Mah Scooters
This Bajaj company has a market cap of over Rs.2300 crore. And all this for a company which has no manufacturing activity and this is for over a decade now, ever since it stopped assembling scoters for Bajaj Auto. What see’s it through is its other income of Rs.11 crore, which is mainly via dividend income of holding companies. This has come down substantially from Rs.52 crore it had in previous Q2. Its net profit for the quarter was at Rs.9 crore, down from Rs.49 crore in previous Q1. The company used to earlier make the Bajaj flagship scooters – Super and Chetak but it stopped this this 2006.
As at 30th Sept 2016, the company owned 1.90 crore shares of Bajaj Finance, 67.74 lakh shares in Bajaj Auto, 37.25 lakh shares in Bajaj Finserv and 33.87 lakh shares in Bajaj Holding Investment Company. The value of these holdings currently stands around over Rs.4000 crore. And this is the sole reason why the stock enjoys so much fancy.

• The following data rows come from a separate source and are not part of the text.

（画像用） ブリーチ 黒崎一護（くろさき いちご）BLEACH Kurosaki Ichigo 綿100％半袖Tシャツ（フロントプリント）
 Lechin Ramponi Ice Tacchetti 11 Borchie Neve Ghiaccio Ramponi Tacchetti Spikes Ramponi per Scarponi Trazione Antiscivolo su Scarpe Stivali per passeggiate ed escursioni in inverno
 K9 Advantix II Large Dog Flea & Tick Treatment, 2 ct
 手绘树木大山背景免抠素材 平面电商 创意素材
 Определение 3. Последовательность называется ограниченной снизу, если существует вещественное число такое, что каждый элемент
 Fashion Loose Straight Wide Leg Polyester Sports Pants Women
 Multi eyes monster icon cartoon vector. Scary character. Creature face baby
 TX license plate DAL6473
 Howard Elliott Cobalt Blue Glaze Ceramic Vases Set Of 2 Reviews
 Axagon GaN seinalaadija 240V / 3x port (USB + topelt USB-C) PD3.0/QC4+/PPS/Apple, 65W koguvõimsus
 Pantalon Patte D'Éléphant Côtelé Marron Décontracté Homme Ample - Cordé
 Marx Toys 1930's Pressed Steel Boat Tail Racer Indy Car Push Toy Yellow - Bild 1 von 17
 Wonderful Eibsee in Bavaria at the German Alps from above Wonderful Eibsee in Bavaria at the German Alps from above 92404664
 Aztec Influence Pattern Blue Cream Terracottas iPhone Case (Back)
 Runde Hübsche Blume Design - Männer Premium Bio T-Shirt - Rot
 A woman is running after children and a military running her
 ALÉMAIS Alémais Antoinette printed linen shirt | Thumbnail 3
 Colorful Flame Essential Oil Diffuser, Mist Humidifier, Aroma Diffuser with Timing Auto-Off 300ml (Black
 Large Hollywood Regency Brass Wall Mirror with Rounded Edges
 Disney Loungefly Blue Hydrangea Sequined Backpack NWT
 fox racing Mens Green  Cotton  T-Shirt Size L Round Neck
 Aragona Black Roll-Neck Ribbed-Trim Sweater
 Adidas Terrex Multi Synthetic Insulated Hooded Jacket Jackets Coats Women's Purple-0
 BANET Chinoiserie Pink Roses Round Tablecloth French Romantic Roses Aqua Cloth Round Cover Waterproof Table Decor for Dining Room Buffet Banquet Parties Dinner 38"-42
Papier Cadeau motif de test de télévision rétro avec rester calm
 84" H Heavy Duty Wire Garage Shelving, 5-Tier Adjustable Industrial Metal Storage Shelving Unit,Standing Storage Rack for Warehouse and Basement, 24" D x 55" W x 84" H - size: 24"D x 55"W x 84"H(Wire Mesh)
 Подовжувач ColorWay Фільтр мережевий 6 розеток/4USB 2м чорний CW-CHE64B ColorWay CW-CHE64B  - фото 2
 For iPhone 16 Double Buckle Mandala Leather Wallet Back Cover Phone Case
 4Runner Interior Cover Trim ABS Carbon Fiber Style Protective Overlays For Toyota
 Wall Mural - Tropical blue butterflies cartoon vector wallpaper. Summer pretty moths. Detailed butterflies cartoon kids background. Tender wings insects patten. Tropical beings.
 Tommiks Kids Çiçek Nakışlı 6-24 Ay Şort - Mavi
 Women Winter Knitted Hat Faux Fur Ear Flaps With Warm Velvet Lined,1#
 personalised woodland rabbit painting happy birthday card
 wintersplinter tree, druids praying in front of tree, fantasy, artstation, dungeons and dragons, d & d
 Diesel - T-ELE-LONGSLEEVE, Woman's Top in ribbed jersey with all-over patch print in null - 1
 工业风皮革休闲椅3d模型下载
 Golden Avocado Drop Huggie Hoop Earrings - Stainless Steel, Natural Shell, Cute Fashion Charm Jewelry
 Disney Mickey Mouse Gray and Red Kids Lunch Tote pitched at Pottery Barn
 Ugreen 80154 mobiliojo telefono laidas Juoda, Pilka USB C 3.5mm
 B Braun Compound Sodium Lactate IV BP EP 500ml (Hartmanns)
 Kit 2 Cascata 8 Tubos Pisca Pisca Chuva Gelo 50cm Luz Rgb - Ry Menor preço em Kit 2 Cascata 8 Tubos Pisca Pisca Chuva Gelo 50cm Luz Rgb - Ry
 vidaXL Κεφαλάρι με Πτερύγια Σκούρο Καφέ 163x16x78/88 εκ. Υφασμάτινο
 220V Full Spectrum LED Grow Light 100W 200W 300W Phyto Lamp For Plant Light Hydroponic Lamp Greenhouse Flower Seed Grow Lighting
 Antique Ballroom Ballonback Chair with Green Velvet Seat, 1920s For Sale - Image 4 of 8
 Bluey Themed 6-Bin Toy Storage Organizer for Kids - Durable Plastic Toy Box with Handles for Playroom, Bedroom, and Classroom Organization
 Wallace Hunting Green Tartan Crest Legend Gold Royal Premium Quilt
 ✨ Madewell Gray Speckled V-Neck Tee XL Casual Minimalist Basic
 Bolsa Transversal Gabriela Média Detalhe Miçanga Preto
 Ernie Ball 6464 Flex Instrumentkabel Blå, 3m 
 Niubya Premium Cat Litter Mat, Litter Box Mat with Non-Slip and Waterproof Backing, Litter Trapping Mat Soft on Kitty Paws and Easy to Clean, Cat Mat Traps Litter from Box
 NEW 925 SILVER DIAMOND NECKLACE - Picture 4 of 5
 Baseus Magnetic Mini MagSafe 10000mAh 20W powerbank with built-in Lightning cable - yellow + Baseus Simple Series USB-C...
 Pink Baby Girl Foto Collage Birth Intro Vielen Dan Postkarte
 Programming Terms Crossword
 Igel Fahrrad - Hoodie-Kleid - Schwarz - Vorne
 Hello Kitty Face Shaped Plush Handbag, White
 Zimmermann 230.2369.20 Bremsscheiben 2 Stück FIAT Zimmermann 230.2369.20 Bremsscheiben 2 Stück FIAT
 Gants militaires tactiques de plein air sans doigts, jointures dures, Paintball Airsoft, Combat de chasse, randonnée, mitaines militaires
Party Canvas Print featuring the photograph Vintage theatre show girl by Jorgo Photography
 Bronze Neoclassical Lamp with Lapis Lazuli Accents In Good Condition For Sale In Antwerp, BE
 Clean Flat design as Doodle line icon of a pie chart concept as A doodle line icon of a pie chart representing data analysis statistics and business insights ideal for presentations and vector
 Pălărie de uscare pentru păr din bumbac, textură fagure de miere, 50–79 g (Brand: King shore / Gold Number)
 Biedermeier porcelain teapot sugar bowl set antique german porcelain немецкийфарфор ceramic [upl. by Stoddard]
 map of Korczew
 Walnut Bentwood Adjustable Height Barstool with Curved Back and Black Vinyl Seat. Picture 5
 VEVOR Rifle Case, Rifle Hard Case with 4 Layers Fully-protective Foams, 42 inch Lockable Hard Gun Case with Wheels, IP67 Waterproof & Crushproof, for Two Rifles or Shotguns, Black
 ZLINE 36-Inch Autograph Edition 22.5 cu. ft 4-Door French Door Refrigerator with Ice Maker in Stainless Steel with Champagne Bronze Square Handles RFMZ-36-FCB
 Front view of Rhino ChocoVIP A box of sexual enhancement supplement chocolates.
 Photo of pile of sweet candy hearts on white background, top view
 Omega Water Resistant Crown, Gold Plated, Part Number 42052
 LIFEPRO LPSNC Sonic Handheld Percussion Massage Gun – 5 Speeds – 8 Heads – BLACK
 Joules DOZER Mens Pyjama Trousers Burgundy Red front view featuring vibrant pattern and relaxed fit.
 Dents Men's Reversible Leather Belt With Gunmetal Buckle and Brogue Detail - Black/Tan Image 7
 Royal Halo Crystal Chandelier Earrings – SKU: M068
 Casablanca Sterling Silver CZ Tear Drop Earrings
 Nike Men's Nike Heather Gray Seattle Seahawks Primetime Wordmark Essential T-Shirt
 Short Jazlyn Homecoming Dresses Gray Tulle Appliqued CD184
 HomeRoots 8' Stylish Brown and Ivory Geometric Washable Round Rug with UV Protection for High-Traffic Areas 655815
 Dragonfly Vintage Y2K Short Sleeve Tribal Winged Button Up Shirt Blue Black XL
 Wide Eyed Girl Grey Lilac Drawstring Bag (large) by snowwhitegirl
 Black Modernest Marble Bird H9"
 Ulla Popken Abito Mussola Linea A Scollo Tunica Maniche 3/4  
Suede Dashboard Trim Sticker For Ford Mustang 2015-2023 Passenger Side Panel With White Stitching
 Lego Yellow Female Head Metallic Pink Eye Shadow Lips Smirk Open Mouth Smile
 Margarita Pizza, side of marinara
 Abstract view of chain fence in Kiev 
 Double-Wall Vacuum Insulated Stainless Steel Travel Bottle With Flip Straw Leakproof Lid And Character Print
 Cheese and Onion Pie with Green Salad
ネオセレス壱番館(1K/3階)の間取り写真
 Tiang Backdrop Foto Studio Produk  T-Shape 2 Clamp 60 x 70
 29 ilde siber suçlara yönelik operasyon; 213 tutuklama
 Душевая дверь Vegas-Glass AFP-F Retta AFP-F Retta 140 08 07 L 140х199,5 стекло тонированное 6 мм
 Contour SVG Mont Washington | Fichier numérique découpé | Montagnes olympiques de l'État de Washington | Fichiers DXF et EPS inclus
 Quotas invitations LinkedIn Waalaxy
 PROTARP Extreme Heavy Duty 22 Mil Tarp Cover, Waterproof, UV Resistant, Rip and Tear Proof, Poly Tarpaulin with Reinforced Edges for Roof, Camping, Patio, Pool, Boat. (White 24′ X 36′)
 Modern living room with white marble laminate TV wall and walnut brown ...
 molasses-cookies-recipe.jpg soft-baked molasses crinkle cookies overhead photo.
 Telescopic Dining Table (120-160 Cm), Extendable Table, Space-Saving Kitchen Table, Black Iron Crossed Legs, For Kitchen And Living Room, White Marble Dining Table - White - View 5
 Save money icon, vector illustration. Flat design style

The minority shareholders have been pushing for liquidation to unlock value; their contention is that when there is no manufacturing activity, what is the need to remain as a mere holding company? The company had sought RBI approval in July to become a Core Investment Company (CIC). The minority shareholders are against this and want to liquidate the company. Western Maharashtra Development Corporation (WMDC) holds 27% stake and Bajaj Holdings has 24% stake. The latter has the first right of refusal to buy WMDC’s stake and thus the two have been locked in a legal battle for years now. In May’15, the Bombay High Court ruled that Bajaj Holding would have to pay 18% simple interest for over nine years on the Rs.47 crore it owes to WMDC to acquire stake in Maharashtra Scooters. The HC also upheld Bajaj’s valuation of Rs.151.63 per share to buy out the stake. And thus there is hope that this long winding legal battle could soon see an end.